> _Task directions_
Your output should be the lines below from the one holding "Blue Ocean Art Epoxy Table with Poplar Wood" through the one holding "Anaita D Green", transcribed exactly, with no pictures.

───── Input records

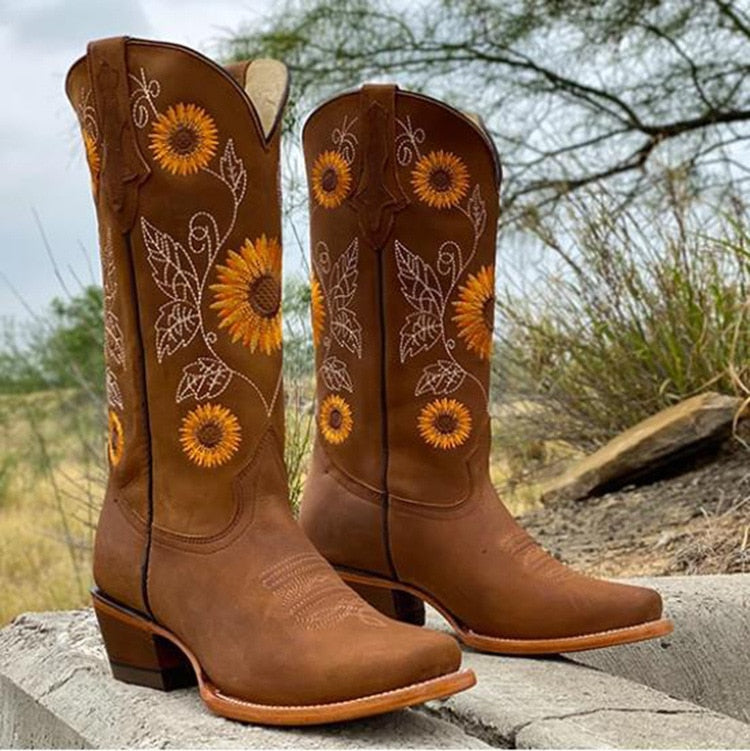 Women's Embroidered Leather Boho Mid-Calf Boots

──────────
───── Input records

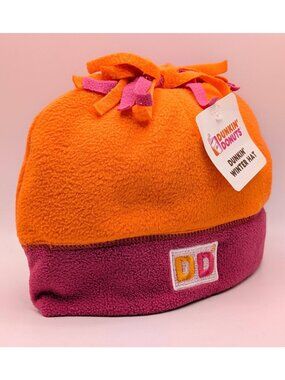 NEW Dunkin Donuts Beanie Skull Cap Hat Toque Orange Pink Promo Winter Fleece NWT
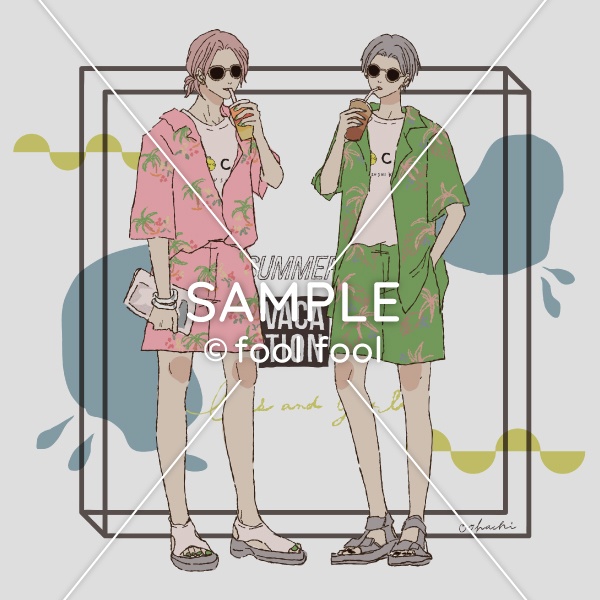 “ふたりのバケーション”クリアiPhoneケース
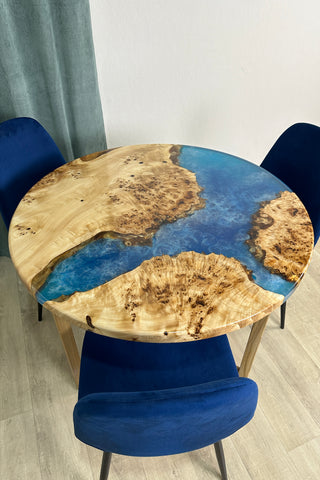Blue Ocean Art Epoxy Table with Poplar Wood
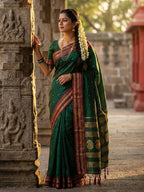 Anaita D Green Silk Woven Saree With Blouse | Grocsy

──────────

> _Response below_
Blue Ocean Art Epoxy Table with Poplar Wood
 Anaita D Green Silk Woven Saree With Blouse | Grocsy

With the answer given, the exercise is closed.